Il Verstappen sfacciato e sfrontato del passato, quello che combinava guai, ormai non c'è più
Il titolo non lo ha vinto la Red Bull, lo ha vinto Verstappen.
SUZUKA - Dal nostro corrispondente, Umberto Zapelloni.
Prima di tutto diamo a Max quel che è di Max: complimenti per il suo secondo Mondiale di fila a 25 anni appena compiuti. Lo merita fino in fondo, nonostante gli aiuti ricevuti e le polemiche attorno al budget-cap in sottofondo. Se dobbiamo giudicare soltanto il pilotaggio va riconosciuto che Max è stato praticamente perfetto, uscendo dai confini solo a Singapore. Ha vinto partendo da lontano e da lontanissimo (7° a Monza, 10° in Ungheria, 14° in Belgio). Ha vinto scappando via dall’inizio o approfittando dei punti deboli della Ferrari, frenata una volta dall’affidabilità, un’altra da un errore strategico e alla fine anche da un paio di errori di pilotaggio. Ha saputo giocare d’attesa quando serviva, essere aggressivo quando era necessario, ma non si è mai preso rischi inutili: il Max che finisce la sua gara sulla testa di Hamilton è solo un ricordo. L’olandese ha insomma messo in pista tutto il suo repertorio, con il gioiello finale della prima partenza sotto il diluvio di Suzuka. In Giappone, dopo esser scattato peggio di Leclerc, ha tenuto giù il piede e si è ripreso la posizione sorpassando il ferrarista all’esterno, con una manovra che Helmut Marko ha giustamente definito da extraterrestre.

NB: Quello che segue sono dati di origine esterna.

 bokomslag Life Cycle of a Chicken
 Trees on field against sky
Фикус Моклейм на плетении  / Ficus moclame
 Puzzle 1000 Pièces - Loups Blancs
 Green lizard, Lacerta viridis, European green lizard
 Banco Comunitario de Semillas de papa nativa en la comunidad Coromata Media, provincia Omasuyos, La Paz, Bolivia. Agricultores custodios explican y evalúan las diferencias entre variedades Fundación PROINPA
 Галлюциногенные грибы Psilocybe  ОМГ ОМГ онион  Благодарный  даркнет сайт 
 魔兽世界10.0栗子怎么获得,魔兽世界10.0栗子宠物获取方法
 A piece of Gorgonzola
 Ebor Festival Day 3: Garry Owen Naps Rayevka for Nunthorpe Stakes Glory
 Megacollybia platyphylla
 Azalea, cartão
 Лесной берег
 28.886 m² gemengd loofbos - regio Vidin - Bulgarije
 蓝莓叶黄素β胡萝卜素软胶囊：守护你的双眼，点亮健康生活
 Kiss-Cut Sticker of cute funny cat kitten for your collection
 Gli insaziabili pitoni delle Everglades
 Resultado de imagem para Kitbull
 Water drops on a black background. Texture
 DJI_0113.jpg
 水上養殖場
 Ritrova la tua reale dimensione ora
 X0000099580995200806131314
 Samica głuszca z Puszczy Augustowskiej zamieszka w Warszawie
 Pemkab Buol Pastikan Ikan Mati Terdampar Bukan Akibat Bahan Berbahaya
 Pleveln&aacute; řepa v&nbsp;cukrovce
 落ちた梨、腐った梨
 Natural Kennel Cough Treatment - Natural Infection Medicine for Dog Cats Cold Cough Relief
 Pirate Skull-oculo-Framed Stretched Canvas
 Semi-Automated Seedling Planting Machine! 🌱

I commissari Fia, con l’ennesima decisione cervellotica della stagione, hanno anticipato la festa, ma almeno quest’anno non hanno stravolto il risultato finale. Non hanno cambiato il senso di un campionato che già prima di fine estate era chiaramente indirizzato. Quanto il Mondiale sia di Max più che della Red Bull lo racconta la classifica di Sergio Perez, che in qualifica ha battuto il compagno solo 4 volte su 18 e in gara ha vinto 2 volte contro le sue 12. La differenza l’ha fatta lui. Veloce, affidabile, concreto. Il Max sfacciato e sfrontato del passato, quello che combinava guai e interpretava le regole a modo suo, ormai non c’è più. Oggi recita la parte del bravo ragazzo. Una volta liberatosi del peso dell’imbattibilità di Hamilton ha cominciato a camminare in territori nuovi. Nella sfida con Leclerc ha tirato fuori le unghie quando era necessario, ma i suoi colpi sono sempre rimasti sopra la cintura. Qualche volta sembra poco umano, ma forse quello che gli manca è solo un po’ di empatia. A fine gara, a titolo annunciato con sorpresa, avrebbe anche potuto lasciarsi andare in un bel bacio con la sua fidanzata Kelly, che di cognome fa Piquet e di Mondiali in casa grazie a papà ne ha già tre. Si è invece limitato a un lungo ma castissimo abbraccio. Ecco qui dovrebbe imparare da Leclerc.